The world went and got silly again. I left in 1995 with things properly, safely dull, and couldn't imagine why anyone would feel it necessary again to start behaving ridiculously. It would have been at least courteous of the Republicans to warn a few of us inclined to retire our ink-swords that they had King George waiting in his zoom-zoom jetsuit aching to start the Crusades again.
> What are the advantages of a Sunday-only strip?
In my case, having a life. Ever see a seven-day-a-week cartoonist?
They all look like Keith Richards at 5 a.m. I've said that cartooning, like education and sex, is wasted on the young ... but I understand why it's that way. It's wearing, corrosive, killing work. Consider Charles Schulz. Look where he is today.
> Again, in the Onion interview, you claimed that it was no longer possible to
> satirize American politics. In the past two years, the (visible) political landscape
> has changed considerably. Do you still believe it's impossible to satirize?
I think there's both a saturation point and a failure point in events being beyond satire. I started stripping in 1981, the same month that MTV started. Daily satirical comment was either "Doonesbury" or "The Tonight Show." The horizon was clear. We had the whole playing field. You young punks just try to imagine that there wasn't even a World Wide Web. Michael Jackson jokes passed as edgy comedy in "Bloom County."
Now. Lord, now. The din of public snarkiness is stupefying. We're awash in a vomitous sea of caustic humorous comment. I hope to occasionally wade near the black hole of pop references only obliquely without getting sucked in with everyone else. Full disclosure: I'll admit that I had a momentary lapse and recently inked a strip where Opus' mom sees a picture of Michael Jackson in 1983, proclaims Jacko's old nose irresistible and voices an urgent wish to nibble it off down to the nub.
It took every thoughtful middle-aged fiber in my being for the courage to toss the finished strip. I did, but I wept.
Now the flip side of this is when events get untouchable. It becomes like the occasional lampoons of supermarket tabloids: unfunny because they're mocking something that's funnier than the satire. You can't effectively satirize Bill Clinton getting waxed by an office vixen in the office of Abraham Lincoln. It's done. Over. Go home. Know when you're beat. It almost was physically painful to watch the great Garry Trudeau have to try to get a handle on it.
> What was your comic reading experience like as a child?
None. I'm sorry, I don't know how else to put this. I watched "Wild Wild West" and collected snakes.
> Would you let your daughter anywhere near a modern comics page?
Not without those magnifying glasses you buy at the counter of Thrifty-Mart.
Your question brought me briefly back to the old days. There was a time in that hazy, sunny morning time in a bygone innocent America when a slightly off-color "Bloom County" or "Doonesbury" would hit the comic pages and the nation's ministers would proclaim the funnies as ground zero on the cultural battleground for the morals of our youth.

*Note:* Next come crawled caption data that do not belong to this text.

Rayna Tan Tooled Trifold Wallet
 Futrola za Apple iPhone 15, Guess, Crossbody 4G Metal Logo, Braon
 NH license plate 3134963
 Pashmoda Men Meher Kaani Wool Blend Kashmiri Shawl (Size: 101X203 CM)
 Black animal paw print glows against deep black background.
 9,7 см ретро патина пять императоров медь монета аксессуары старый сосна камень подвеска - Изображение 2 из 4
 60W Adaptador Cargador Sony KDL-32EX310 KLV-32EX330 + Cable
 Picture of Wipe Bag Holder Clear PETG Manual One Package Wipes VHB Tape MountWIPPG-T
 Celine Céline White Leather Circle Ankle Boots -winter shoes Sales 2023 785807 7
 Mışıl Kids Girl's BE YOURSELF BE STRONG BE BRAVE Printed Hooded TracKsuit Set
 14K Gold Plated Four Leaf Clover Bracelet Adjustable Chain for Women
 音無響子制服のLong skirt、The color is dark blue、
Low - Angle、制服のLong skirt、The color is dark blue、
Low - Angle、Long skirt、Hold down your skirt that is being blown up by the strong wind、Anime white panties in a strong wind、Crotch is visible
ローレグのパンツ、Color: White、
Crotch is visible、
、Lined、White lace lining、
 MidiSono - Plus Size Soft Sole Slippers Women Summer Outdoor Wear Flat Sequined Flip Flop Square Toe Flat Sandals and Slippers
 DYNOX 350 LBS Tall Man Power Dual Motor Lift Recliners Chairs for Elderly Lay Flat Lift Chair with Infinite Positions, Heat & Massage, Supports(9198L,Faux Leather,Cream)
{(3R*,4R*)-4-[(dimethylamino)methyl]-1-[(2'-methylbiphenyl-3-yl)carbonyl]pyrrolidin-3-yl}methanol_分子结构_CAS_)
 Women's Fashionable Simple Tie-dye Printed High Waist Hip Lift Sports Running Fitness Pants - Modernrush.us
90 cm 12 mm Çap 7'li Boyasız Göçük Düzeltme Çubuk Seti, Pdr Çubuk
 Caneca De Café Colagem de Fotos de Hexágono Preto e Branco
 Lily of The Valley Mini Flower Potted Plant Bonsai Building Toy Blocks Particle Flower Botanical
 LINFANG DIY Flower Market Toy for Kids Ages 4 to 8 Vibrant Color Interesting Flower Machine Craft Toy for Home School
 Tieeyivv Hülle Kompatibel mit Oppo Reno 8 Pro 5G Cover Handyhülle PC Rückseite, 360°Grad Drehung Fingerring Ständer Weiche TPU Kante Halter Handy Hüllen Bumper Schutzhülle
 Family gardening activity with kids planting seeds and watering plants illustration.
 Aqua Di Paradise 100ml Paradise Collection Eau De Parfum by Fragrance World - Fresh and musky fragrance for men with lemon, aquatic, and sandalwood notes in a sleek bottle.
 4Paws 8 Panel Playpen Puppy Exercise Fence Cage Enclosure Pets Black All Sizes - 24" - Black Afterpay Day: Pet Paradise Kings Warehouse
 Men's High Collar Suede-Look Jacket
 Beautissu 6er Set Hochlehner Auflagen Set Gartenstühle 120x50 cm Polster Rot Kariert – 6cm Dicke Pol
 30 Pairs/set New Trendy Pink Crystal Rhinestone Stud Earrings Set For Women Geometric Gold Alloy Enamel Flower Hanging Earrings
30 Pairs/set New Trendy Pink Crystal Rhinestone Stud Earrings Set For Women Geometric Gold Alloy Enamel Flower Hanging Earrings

Now it's the sale rack of thongs for preschoolers at J.C. Penney. Even with "Boondocks," the comics don't even cause a ripple on the moral Zeitgeist anymore. This speaks poorly of where the comic page is today, by the way ... which speaks volumes about why we're bringing Opus back and why we're demanding a half-page. Things have simply gotten far too bleak.
> Opus has existed in several mediums now -- two comic strips, as well as
> children's books, and an animated cartoon. Did transferring him to other
> mediums require you to reimagine the character at all?
Yes, regrettably. His personality often served at the mercy of the joke or story that needed telling. This makes for funny gags sometimes ... but not good writing. After 15 years, I honestly didn't think I had a handle on my marquee character: He was a cipher. Suddenly I've found myself curious as to what really makes him tick. I plan to explore. Or at least after we're done transforming him into "To Kill a Mockingbird" for some real money.